Data items

>>>>>

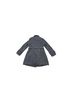 Calvin Klein Black Wool Coat Size L - photo 2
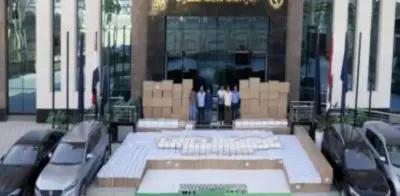 ضبط 10 ملايين قرص مخدر بـ158 مليون جنيه في أكبر شبكة تهريب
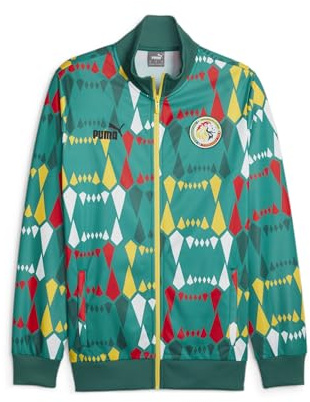 PUMA Senegal FtblCulture träningsjacka, Peppar grön, S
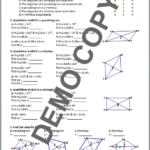 G Co C 9 Worksheet 1 Geometry Common Core Answers Common Core Worksheets
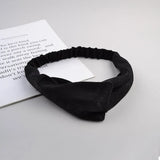 Women Girls Summer Bohemian Hair Bands Print Headbands Vintage Cross Turban Bandage Bandanas Hairbands Hair
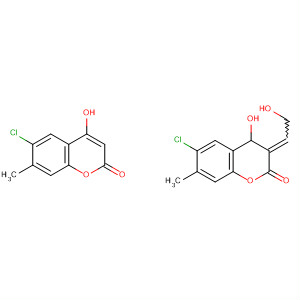 908565-37-7  2H-1-Benzopyran-2-one,3,3'-(2-hydroxyethylidene)bis[6-chloro-4-hydroxy-7-methyl- 908565-37-7  2H-1-Benzopyran-2-one,3,3'-(2-hydroxyethylidene)bis[6-chloro-4-hydroxy-7-methyl-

<<<<<

EXERCISE GOAL → Output all of the entries once more, word for word, with the images removed.

OUTPUT OF THE TASK →
 Calvin Klein Black Wool Coat Size L - photo 2
 ضبط 10 ملايين قرص مخدر بـ158 مليون جنيه في أكبر شبكة تهريب
 PUMA Senegal FtblCulture träningsjacka, Peppar grön, S
 G Co C 9 Worksheet 1 Geometry Common Core Answers Common Core Worksheets
 Women Girls Summer Bohemian Hair Bands Print Headbands Vintage Cross Turban Bandage Bandanas Hairbands Hair
 908565-37-7  2H-1-Benzopyran-2-one,3,3'-(2-hydroxyethylidene)bis[6-chloro-4-hydroxy-7-methyl- 908565-37-7  2H-1-Benzopyran-2-one,3,3'-(2-hydroxyethylidene)bis[6-chloro-4-hydroxy-7-methyl-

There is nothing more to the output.